Brazilian mining and steel company CSN anticipates domestic demand will keep steel prices steady in 2025, with the possibility of an upward trend in the coming months.
Sales to the agricultural machinery and automotive industries are expected to continue rising, while civil construction sales could improve as Brazil's rainy season concludes.
Executive director Luis Fernando Martinez noted that demand remains strong but emphasized that the company will restrain price increases to sustain profitability. CSN's steel prices rose by 5 percent in the first quarter compared to the previous year, driven by a 7 percent increase in demand.
Steel prices hit a two-year high, reaching R5,252 ($928) per metric tonne, up from R5,008 per tonne a year earlier. Despite growing consumption, CSN cited increased competition from imports as a limiting factor. Brazil’s import penetration in the steel market reached 27 percent in the quarter, surpassing CSN’s domestic market share. Martinez called the situation "unsustainable."
While Brazil introduced a 25 percent tariff on 11 Chinese steel products in June 2024, the company considers the policy inefficient. The tariff is set to expire by the end of May, but prices are expected to remain stable.
CSN recorded a first-quarter shipment volume of 1.14 million tonnes, a 5 percent increase from the previous year, with domestic market sales growing by 8 percent.

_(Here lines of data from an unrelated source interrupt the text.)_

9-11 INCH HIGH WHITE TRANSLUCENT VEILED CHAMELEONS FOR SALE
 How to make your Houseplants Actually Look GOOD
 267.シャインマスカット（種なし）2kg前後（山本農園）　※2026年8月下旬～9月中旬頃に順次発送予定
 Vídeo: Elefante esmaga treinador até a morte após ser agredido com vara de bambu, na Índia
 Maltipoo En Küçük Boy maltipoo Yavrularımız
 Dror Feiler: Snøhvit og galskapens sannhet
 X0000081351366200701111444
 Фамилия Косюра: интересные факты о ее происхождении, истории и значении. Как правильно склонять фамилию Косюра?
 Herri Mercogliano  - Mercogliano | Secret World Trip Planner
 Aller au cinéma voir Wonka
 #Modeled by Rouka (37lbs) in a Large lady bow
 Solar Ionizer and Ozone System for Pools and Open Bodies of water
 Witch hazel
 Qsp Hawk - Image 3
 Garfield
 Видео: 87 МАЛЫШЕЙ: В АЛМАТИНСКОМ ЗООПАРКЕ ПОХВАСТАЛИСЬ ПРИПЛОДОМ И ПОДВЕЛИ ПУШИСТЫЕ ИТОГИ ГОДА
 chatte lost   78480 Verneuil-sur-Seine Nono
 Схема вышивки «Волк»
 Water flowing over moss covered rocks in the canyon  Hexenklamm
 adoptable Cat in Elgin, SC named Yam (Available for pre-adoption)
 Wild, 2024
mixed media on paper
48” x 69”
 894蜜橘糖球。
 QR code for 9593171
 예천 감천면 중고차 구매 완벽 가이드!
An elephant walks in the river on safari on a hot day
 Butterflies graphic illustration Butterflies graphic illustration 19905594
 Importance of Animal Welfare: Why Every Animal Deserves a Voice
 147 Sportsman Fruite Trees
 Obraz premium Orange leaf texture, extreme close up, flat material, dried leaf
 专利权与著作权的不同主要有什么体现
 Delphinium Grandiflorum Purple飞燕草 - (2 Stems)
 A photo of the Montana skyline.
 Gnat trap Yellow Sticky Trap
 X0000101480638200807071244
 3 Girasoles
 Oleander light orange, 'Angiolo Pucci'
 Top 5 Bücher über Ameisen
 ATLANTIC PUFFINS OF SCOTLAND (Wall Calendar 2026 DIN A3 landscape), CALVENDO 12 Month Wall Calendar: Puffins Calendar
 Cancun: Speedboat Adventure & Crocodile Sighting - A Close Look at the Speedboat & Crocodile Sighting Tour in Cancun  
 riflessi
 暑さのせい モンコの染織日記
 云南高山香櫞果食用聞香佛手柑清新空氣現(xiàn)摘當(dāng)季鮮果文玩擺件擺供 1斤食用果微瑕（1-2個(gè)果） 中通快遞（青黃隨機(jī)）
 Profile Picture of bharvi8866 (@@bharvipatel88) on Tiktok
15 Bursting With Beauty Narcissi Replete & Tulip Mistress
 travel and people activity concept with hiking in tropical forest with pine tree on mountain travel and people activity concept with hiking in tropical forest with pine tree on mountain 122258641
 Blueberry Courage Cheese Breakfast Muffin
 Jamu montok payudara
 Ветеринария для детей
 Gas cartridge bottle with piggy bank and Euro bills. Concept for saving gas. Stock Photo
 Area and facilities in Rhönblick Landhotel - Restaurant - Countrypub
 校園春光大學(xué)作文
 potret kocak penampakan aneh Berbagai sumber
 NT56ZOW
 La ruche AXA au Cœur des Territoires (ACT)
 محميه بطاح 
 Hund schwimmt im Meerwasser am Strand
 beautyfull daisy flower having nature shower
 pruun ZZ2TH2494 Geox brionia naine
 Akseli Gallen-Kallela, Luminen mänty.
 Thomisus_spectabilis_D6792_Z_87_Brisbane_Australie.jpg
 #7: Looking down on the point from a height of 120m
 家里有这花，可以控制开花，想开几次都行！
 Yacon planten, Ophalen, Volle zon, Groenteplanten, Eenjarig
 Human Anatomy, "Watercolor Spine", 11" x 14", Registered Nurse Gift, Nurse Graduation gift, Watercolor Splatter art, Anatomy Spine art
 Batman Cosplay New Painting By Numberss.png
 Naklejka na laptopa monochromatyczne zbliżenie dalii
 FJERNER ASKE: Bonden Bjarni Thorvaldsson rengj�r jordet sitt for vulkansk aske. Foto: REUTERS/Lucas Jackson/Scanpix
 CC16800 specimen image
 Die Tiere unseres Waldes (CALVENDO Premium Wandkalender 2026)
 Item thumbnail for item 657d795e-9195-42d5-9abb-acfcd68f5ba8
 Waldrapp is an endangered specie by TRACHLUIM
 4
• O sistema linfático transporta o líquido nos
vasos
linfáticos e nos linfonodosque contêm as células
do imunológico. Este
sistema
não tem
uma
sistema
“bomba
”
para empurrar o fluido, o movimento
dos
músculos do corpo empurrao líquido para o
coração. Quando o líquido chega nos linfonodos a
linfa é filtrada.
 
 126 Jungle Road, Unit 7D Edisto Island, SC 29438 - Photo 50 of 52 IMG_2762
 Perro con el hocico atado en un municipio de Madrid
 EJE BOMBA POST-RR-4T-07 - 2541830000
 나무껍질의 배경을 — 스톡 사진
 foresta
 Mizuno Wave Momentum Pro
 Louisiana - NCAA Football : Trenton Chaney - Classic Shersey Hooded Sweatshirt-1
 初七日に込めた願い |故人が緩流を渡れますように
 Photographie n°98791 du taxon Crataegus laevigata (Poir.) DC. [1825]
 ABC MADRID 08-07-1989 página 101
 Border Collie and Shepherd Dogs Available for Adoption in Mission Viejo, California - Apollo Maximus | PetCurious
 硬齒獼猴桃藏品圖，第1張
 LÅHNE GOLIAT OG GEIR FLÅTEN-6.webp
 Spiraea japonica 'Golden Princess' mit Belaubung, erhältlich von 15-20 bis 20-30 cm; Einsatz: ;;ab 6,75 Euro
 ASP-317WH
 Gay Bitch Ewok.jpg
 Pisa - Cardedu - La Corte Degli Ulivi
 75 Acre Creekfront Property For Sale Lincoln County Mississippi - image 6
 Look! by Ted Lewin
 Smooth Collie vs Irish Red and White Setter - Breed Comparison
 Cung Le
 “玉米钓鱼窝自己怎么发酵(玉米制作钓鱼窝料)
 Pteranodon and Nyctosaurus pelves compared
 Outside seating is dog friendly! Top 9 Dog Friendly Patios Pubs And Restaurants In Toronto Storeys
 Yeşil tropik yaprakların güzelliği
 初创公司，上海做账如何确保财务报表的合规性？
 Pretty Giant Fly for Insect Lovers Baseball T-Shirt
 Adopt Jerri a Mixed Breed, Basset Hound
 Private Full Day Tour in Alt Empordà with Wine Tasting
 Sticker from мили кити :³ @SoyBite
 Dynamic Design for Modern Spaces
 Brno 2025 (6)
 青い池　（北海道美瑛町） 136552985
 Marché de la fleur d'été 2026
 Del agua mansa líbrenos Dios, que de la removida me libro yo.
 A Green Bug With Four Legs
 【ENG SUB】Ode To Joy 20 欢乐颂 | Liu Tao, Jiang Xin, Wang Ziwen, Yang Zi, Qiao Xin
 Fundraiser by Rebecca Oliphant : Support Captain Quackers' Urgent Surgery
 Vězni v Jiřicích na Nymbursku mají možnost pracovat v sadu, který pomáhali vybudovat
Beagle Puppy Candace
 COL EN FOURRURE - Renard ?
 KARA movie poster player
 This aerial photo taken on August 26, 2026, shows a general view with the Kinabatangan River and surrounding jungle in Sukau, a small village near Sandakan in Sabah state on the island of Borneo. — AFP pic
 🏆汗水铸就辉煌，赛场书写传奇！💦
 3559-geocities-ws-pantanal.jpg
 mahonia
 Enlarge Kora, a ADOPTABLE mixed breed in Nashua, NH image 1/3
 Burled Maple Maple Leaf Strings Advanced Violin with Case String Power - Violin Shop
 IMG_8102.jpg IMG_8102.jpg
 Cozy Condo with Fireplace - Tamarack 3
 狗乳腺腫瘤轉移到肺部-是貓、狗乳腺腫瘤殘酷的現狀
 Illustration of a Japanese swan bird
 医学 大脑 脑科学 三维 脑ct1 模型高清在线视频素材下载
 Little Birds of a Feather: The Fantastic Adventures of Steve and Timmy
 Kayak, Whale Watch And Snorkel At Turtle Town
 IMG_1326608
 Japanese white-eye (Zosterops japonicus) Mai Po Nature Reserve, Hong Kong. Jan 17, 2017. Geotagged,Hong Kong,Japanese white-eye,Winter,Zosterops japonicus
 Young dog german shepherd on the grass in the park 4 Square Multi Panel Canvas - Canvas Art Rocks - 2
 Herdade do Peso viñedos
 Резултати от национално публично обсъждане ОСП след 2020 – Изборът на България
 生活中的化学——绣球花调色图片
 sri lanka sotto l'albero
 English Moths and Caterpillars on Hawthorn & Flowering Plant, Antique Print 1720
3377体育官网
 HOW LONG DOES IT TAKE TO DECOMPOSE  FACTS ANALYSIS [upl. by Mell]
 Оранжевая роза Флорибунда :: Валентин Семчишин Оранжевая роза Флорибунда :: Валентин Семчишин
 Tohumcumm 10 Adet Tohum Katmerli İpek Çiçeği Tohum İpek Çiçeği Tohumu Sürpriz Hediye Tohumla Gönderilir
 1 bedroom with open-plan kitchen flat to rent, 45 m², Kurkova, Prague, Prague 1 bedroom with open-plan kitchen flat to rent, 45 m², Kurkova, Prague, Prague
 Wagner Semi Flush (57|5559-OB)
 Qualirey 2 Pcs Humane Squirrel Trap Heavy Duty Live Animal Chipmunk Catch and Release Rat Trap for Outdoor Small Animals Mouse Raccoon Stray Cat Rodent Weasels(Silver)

Slab production fell by 16 percent to 812,000 tonnes due to a January stoppage at Blast Furnace 2 in Rio de Janeiro, which is expected to remain under maintenance for at least three more months.
Flat-rolled steel output dropped by 11 percent to 775,000 tonnes, while long steel production rose by 12 percent to 58,000 tonnes. CSN reported a first-quarter loss of R732 million, a 53 percent increase from the R480 million loss recorded a year earlier.